(一)
加賀百万石祈願所、日蓮宗/正久山妙立寺(みょうりゅうじ)。またの名を「忍者寺」と言う。妙立寺に忍者がいるからではない。「忍者屋敷のような」お寺という意味だ。建立したのは加賀藩三代藩主・前田利常。寛永20年(1643年)に金沢城近くから移築して現在に至る。
「忍者屋敷のような」とはどういう意味か。当時江戸幕府は3階以上の建物を禁止したが、妙立寺は外観は2階建てだが、内部は4階建て7層になっている。中2階、中々2階など複雑な構造の中に部屋数が23、階段数が29もあり、まるで迷路のようだ。
そして、忍者寺の所以となる数々の仕掛け。本堂正面入り口にある賽銭箱は箱が見えない。
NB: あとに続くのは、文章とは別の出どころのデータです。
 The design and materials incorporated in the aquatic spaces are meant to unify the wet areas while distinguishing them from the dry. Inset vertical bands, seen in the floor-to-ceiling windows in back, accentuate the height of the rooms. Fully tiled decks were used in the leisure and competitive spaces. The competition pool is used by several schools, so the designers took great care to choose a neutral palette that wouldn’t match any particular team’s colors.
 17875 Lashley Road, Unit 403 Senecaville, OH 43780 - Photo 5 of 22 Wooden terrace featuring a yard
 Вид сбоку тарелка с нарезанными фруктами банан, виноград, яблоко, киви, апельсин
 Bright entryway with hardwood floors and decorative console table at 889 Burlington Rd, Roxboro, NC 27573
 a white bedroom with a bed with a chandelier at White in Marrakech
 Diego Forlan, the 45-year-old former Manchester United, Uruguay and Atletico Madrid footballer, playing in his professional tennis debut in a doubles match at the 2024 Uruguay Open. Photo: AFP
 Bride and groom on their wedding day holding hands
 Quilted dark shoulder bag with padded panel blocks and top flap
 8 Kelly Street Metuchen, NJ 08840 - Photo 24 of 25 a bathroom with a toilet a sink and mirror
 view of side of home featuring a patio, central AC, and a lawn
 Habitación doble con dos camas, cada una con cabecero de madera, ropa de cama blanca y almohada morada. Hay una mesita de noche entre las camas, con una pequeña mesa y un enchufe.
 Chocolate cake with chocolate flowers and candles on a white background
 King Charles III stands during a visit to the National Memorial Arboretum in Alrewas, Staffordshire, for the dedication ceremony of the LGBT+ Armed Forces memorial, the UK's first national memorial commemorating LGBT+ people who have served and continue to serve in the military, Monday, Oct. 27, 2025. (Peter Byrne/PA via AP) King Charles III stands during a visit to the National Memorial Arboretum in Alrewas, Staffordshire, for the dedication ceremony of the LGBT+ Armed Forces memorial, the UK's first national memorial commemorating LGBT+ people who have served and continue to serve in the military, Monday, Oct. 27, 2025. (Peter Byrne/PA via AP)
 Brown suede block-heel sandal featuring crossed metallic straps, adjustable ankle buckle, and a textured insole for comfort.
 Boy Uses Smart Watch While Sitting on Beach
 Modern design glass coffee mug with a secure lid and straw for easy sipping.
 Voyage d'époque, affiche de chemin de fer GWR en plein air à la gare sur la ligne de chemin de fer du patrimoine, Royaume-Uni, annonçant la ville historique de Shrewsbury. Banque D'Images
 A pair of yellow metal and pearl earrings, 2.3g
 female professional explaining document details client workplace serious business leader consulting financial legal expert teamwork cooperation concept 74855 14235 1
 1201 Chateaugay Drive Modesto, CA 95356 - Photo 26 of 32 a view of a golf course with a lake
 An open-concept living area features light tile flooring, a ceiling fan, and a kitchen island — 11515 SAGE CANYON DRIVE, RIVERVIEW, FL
というのも畳の床が1か所空いていて、そこに賽銭箱が埋め込まれている。落とし穴としても利用できるようになっているわけだ。庫裏の中心にある井戸には横穴があり、金沢城まで続く逃げ道になっているという伝説もある。まだまだ仕掛けは尽きないのだが、この辺りで割愛させていただく。
では、なぜこのような寺を利常公は建立したのか。当時は3代将軍・徳川家光の治世で諸大名への引き締めが厳しく、藩の取り潰しも行われていた。そこで加賀藩として万が一の有事の際に金沢城を守る拠点として、妙立寺を戦場の監視所あるいは出城として建立した。そもそも妙立寺周辺には他にも数々の寺院が建てられており、一帯は寺町として整備されている。金沢城に押し寄せる敵軍を迎え撃つ防衛ラインとして、多くの武士が起居できるこの寺町を築く必要があったのである。
(二)
金沢城を守る軍事防衛拠点として妙立寺を見立てるなら当時の加賀藩と幕府との関係性や時代の空気が感じられ、どこか物々しい気もするが、実際の忍者寺を尋ねると不遜ながらどこかアトラクション施設のような印象は拭え切れない。そもそも敷地面積にさほどの広さがない。建物自体はおよそ5分でぐるりと周囲を歩き周れてしまう。攻めてくる敵に対する数々の仕掛けは見事だが、果たして何人の武士がこの寺に守備隊として籠れるというのか。そして、敵兵の侵入を許すという戦の最終局面、数的にも圧倒的不利な状況下でこの仕掛けでもって敵を撤退させることはかなわないのではないかと、初陣すらままならない素人ながらそのように想像してしまう。由緒正しき寺院ながら、誤解を恐れずに言わせてもらえるならば、私は外連味さえ感じてしまう。
藩の存亡をかけた切り札としての出城というより、藩主が「ここに落とし穴を作ってはどうか?」と尋ねれば、設計者は「いやいやいや、そこまでやりますか?」と笑いながら楽しみながら設計して建てたように思えてしまう。どこか三谷幸喜の脚本を思わせるような“ノリ”が重ねに重ねて建てられた建物ではなかろうかという感想を持った。
(三)
私のこの印象はあくまでも私個人の印象であって何の根拠もない。私が簡単に調べた限りではそのような話は出て来なかった。ただ前田利常公には「傾奇者」としての説明が散見した。そもそもその父・藩祖である利家公も若い頃は傾奇者だったと言われている。「傾奇者」という言葉は説明するだけでもブログが1本書けてしまうほど、深淵な言葉でここでは触れないことをご容赦いただきたい。
利常公の数々の傾奇者としてのエピソードの中から1つ紹介するなら「鼻毛」の話がある。鼻毛が伸びきっていることを家臣がどう伝えようかと苦心していると、わざと伸ばすことで阿呆を演じ、幕府の目を欺き、謀反がないことをアピールしているのだと利常公が伝えた話が今に残っている。幕府との緊張関係が窺えるエピソードというより、どこか幕府を嘲嗤(あざわら)う利常公の性格が垣間見えて面白い。
傾奇者としての大芝居をうった(と私が感じている)この忍者寺が戦火を交えることなく、令和の時代まで残った。今なお多くの観光客にこの妙立寺が好奇のまなざしを向けられていることは傾奇者・前田利常の本懐ではなかろうかと独り合点してしまっている私がいる。